I am also having a similar issue. I ensured the data integrity scan for crash recovery task was not running and I disabled it for good measure. However, I boot the server and within minutes the CPU and memory usage goes to 100% and the server completely freezes. If it boot it without the 13TB repository, the server is completely fine. I have also tried both a 2016 Core and a desktop experience VM in case it was OS related. This repository was built on 12/14/16 and the issue started 1/25/17.
suprnova
Service Provider
 
Posts: 8
Liked: never
Joined: Fri Apr 08, 2016 5:15 pm

Re: 9.5/ReFS/Server 2016 Memory Consumption

Veeam Logoby graham8 » Wed Jan 25, 2017 4:49 pm 1 person likes this post

The solution for us was shutting down, pulling all the storage array drives, applying all the latest Server 2016 updates, and then shutting down and reinserting the disks. Then the crash recovery task was able to finish (over a long, long time) without freezing the system. It still uses tons of memory, but it seemed to give that memory up when there was demand for it after the latest updates were applied.
graham8
Enthusiast
 
Posts: 47
Liked: 16 times
Joined: Wed Dec 14, 2016 1:56 pm

Re: 9.5/ReFS/Server 2016 Memory Consumption

Veeam Logoby suprnova » Wed Jan 25, 2017 6:31 pm

Interesting...unfortunately I am up to date.
suprnova
Service Provider
 
Posts: 8
Liked: never
Joined: Fri Apr 08, 2016 5:15 pm

Re: 9.5/ReFS/Server 2016 Memory Consumption

Veeam Logoby graham8 » Wed Jan 25, 2017 7:36 pm

I was furiously trying to resolve the issue when this was happening, and among many things, I disabled all Veeam-related services. I believe that it was crashing even after disabling all services, but I might have left them disabled after updates were applied and while the crash integrity scan ran...

I did confirm that the refsv1.sys driver version was incremented following those updates, and I had confirmed via poolmon that the thing consuming all the memory was indeed that driver, so I thought it was fixed entirely by the update. Maybe the services being disabled was also important, though...who knows? With ReFS Block Clone being quite new, it's hard to say. You might try disabling all Veeam/etc services.

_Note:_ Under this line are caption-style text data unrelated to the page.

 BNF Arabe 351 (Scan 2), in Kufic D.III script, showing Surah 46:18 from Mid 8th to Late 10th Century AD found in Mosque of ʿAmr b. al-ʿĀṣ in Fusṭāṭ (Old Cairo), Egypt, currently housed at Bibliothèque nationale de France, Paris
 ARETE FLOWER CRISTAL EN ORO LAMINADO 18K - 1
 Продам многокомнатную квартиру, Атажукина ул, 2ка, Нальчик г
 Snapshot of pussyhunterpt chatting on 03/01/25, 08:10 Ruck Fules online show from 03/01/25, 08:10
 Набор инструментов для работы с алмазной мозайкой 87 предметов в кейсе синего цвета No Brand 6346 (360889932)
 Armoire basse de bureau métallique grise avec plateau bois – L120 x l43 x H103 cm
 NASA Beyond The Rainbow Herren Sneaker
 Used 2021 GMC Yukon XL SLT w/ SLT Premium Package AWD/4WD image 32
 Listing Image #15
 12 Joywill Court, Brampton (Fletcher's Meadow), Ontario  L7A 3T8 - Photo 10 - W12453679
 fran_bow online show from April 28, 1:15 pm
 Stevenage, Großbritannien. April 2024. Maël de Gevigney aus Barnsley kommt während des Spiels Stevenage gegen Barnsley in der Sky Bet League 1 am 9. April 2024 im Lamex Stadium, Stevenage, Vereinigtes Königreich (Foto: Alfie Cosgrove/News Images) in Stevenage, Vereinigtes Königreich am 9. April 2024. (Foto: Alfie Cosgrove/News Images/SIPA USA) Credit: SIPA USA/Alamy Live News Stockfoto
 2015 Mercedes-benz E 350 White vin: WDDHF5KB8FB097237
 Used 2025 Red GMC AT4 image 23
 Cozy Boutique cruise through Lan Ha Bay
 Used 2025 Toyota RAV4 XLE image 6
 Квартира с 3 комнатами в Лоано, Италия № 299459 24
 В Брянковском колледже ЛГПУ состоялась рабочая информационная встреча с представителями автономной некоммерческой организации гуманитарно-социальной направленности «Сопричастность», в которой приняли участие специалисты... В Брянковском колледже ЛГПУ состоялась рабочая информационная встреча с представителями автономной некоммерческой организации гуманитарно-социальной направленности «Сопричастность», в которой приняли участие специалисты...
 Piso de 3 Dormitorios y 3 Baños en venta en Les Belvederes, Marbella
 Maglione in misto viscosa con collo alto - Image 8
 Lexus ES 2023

Also, what's the version of your refsv1.sys driver file? I can compare it to the one on our 2016 servers.

Oh, and also, how much ram does your server have?
graham8
Enthusiast
 
Posts: 47
Liked: 16 times
Joined: Wed Dec 14, 2016 1:56 pm

Re: 9.5/ReFS/Server 2016 Memory Consumption

Veeam Logoby suprnova » Wed Jan 25, 2017 7:45 pm

Currently has 24GB of RAM, but it started out with 12GB.

I actually have two ReFS repos, and one works fine (2TB allocated but 100GB in use). The larger one seems to cause this issue. I did try disabling Veeam and VMware Tools services, but it had zero effect.

I'm going to let the server sit for a few days, I am able to click on something once every 3 minutes or so, maybe it is actually doing something. I had to move my daily jobs to another repo.

I am currently seeing 100% CPU usage and 41% memory usage (seems to get to 9.9GB and then the freeze happens). I'll check the refsv1.sys once I lose patience and give it a reset again.

Thanks!
suprnova
Service Provider
 
Posts: 8
Liked: never
Joined: Fri Apr 08, 2016 5:15 pm

Re: 9.5/ReFS/Server 2016 Memory Consumption

Veeam Logoby graham8 » Wed Jan 25, 2017 7:56 pm 1 person likes this post

Ours have 32GB ram, and 64TB raw space, 32TB available with ~10TB in use. Sequential disk IO for it was around ~500MB/s.

Before the updates, memory would climb to 100% and "freeze" (system becomes entirely unresponsive). After the updates, it again would rapidly balloon up, but the memory would stop at around 98% and it would dip up and down slightly...presumably yielding to other memory demands in the system. It still took a very long time to finish (forget exactly...12-24 hours as I recall). In our case, it was the primary Veeam repo and it had also happened to the offsite Veeam repo.

We also have a similarly-configured hyper-v server storing some huge VM VHDXs. Not sure if that one ever crashed so as to trigger the crash recovery, but it never happened on that server.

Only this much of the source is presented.